La creencia de que si solo se sanciona a la firma y no a sus dueños y representantes legales no se logra ningún avance contra la corrupción porque esas mismas personas naturales vuelven a constituir una nueva persona jurídica, no es correcta, al menos en lo que respecta a los supervisores de obra cuyos contratos se adjudican en función de la experiencia que como empresas acreditan y al tiempo en la actividad y en la especialidad en la que concursan, rubros que no pueden traspasarse de una firma inhabilitada a otra nueva.

La pretensión de que el supervisor sea solidariamente responsable por la mala calidad de la obra es otro despropósito. Según el artículo 1785 del Código Civil no existe responsabilidad del contratista si prueba que la obra se ejecutó de acuerdo a las reglas del arte y en estricta conformidad con las instrucciones de los profesionales que elaboraron los estudios, planos y demás documentos. El artículo 1762 advierte en esa línea que si los servicios implican la solución de asuntos profesionales o de problemas técnicos de especial dificultad, quien los presta no responde por los daños y perjuicios, sino en caso de dolo o culpa inexcusable. Son los casos del médico al que se le muere el paciente, el abogado que pierde un litigio o el ingeniero al que se le cae una obra. A esos profesionales no se los puede responsabilizar por tales hechos si es que no han omitido deliberadamente una obligación o no han incurrido en negligencia grave.

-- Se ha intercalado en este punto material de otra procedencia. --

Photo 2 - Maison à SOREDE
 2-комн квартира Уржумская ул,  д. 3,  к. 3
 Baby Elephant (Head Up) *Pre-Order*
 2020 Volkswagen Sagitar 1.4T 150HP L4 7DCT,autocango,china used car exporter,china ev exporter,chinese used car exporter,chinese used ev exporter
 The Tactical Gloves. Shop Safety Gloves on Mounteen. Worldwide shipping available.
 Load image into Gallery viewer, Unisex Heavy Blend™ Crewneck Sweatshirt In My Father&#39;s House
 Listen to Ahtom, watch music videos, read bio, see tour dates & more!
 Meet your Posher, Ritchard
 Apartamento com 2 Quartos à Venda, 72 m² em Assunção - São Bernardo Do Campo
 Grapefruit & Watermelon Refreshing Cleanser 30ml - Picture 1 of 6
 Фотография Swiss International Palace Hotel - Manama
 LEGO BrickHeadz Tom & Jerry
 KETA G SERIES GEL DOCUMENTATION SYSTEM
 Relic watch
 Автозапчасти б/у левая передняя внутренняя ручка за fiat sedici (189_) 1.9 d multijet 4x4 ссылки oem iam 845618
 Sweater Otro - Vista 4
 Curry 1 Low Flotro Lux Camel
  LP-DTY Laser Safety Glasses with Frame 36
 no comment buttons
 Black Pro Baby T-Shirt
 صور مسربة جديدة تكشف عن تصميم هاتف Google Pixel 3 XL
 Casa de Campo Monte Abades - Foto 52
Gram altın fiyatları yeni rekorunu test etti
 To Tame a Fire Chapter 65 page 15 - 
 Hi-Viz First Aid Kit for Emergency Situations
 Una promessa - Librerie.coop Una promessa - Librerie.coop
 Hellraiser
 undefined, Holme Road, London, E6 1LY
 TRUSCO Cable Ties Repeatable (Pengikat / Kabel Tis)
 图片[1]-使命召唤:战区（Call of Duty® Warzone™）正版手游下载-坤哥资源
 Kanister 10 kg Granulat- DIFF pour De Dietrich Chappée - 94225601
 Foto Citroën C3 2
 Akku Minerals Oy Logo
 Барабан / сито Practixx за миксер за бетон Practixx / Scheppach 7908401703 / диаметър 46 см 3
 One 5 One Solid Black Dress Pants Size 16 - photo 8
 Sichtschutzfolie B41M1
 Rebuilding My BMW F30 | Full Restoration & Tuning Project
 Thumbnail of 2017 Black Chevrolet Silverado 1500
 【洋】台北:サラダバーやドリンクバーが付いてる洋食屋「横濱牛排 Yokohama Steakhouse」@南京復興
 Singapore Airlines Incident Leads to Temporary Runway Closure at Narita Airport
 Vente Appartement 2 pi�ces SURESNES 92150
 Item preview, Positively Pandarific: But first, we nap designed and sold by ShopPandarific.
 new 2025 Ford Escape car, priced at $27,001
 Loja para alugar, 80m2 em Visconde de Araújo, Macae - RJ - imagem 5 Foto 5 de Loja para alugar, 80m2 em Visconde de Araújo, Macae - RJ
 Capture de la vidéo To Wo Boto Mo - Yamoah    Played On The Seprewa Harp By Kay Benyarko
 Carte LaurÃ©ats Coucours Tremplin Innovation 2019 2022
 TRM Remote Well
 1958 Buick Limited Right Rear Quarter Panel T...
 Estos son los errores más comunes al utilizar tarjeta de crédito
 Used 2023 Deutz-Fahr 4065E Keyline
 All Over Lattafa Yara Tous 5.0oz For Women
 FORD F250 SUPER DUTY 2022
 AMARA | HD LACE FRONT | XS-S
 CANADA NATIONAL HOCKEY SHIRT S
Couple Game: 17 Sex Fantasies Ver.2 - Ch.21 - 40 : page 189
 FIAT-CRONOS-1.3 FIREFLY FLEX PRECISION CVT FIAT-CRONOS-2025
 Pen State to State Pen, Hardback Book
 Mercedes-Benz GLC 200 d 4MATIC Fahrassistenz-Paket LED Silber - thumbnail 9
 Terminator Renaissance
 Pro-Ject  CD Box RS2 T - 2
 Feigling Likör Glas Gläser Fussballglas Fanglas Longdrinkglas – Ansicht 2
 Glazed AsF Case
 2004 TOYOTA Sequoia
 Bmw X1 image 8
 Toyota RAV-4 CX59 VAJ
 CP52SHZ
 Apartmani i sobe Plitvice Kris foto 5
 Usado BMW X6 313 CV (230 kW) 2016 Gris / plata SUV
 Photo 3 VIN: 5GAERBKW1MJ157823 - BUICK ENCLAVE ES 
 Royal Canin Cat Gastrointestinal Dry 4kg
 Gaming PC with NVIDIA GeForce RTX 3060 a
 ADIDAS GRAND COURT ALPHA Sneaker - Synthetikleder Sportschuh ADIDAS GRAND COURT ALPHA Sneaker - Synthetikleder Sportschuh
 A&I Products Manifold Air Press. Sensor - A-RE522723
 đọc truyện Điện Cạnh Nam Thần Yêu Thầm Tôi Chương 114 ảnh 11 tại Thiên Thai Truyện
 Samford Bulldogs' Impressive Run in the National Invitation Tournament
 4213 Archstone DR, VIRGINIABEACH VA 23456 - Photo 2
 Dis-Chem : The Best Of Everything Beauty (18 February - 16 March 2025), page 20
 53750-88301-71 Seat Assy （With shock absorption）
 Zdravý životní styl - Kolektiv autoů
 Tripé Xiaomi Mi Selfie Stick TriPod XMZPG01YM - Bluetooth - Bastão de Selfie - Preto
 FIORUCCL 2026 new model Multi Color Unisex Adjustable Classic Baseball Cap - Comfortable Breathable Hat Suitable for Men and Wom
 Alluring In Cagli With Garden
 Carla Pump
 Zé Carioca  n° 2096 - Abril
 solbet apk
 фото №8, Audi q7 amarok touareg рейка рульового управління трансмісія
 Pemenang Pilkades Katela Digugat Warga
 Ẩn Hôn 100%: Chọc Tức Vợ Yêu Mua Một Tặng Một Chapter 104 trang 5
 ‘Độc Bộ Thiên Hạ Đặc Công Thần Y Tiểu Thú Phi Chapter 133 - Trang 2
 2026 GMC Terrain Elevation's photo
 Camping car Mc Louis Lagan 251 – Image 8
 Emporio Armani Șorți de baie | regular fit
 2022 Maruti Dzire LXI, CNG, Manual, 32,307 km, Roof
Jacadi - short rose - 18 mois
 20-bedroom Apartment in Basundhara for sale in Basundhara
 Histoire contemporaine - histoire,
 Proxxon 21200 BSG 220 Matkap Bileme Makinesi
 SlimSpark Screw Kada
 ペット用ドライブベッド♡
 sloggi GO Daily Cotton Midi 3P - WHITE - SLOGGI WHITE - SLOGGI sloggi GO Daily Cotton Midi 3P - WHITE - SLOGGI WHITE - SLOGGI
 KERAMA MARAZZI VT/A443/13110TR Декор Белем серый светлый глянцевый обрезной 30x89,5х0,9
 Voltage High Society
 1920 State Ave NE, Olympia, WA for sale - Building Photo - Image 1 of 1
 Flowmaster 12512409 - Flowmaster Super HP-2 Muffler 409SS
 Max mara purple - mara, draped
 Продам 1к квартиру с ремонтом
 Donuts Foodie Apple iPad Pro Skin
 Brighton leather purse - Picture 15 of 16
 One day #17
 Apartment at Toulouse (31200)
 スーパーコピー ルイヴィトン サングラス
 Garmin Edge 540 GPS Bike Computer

Si quien no hace lo que debe es el contratista ejecutor de una obra no es posible trasladarle su responsabilidad al supervisor cuyo contrato es de un monto infinitamente inferior, en ocasiones equivalente a lo que cobra la Contraloría por su control concurrente, sin ninguna responsabilidad para los órganos de control. Si el supervisor ha sido negligente o ha omitido alguna obligación tendría que responder por ello según se determine en la vía que corresponda, pero no puede hacérsele automáticamente responsable solidario por los incumplimientos del contratista como si fuera su garante, haya o no haya manifestado su desacuerdo en el cuaderno de obra o a través de cualquier otro medio, del mismo modo que no se les puede hacer responsables a los miembros del órgano de control por los incumplimientos del contratista en la obra en la que intervienen.

Como en virtud de lo dispuesto en el artículo 1186 del Código Civil el acreedor puede accionar contra cualquiera de los responsables solidarios, no se puede exponer el supervisor a que se le reclame por el cien por ciento cuando ha suscrito un contrato por menos de la décima parte en el mejor de los casos.

Enarbolar esa pretensión, que fluye de las iniciativas de la Contraloría General de la República, lo único que lograría es ahuyentar de la consultoría y de la supervisión de obras a los ingenieros serios y honestos y dejar ese espacio para que lo ocupen precisamente aquellos a los que se quiere marginar de las contrataciones con el Estado.